I have a pretty puzzling issue with InnoDB and LiquidWeb’s Storm on Demand service. Basically, the issue revolves around backups. They said they can’t do anything to change their backup system, so I thought maybe there was some MySQL settings that could help with the issue.
From what I can understand, Storm uses a Xen-based virtualization infrastructure. It does daily point-in-time snapshot backups. How exactly it does this, they won’t disclose. All I do know, is at exactly the time this starts, the MySQL database basically becomes completely unresponsive for around 2 minutes. Even simple selects go on hold. If I do “show processlist” a ton of processes are in “statistics” or “sorting results” or the like. And these are all very simple-index based queries. My entire dataset easily fits in the buffer-pool as well.
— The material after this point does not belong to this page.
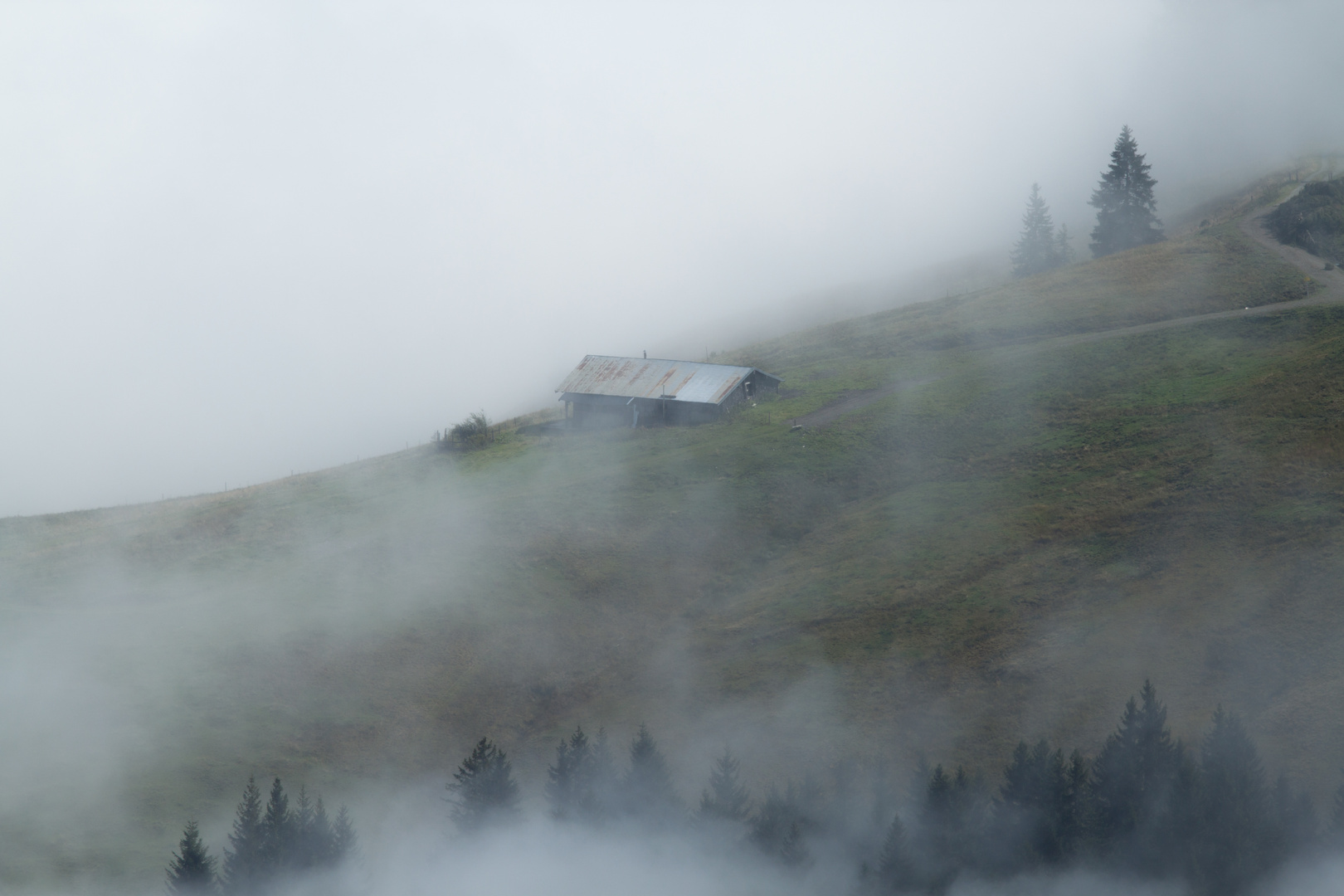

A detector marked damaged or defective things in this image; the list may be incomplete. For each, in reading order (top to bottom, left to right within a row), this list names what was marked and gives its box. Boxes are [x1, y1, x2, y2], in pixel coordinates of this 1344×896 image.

rusty roof panel [556, 357, 785, 405]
So, here’s what I’m thinking is happening. The DB does around 10-15 updates, deletes or inserts per second. In order to take a point-in-time backup, the Xen system freezes the state of the hard disks for a very brief period of time. Nothing can be written to the disk. Since the database is unable to write anything to disks, it can’t commit its inserts, updates or deletes, and everything is placed on hold. BTW, I have these settings:
innodb_flush_log_at_trx_commit = 2
So, does this sound about right to you guys? If so, is there anyway to stop the database from becoming unresponsive that you might know?
P.S. I just changed innodb_flush_log_at_trx_commit to 0 as my data is not mission critical. We’ll see if that makes any difference.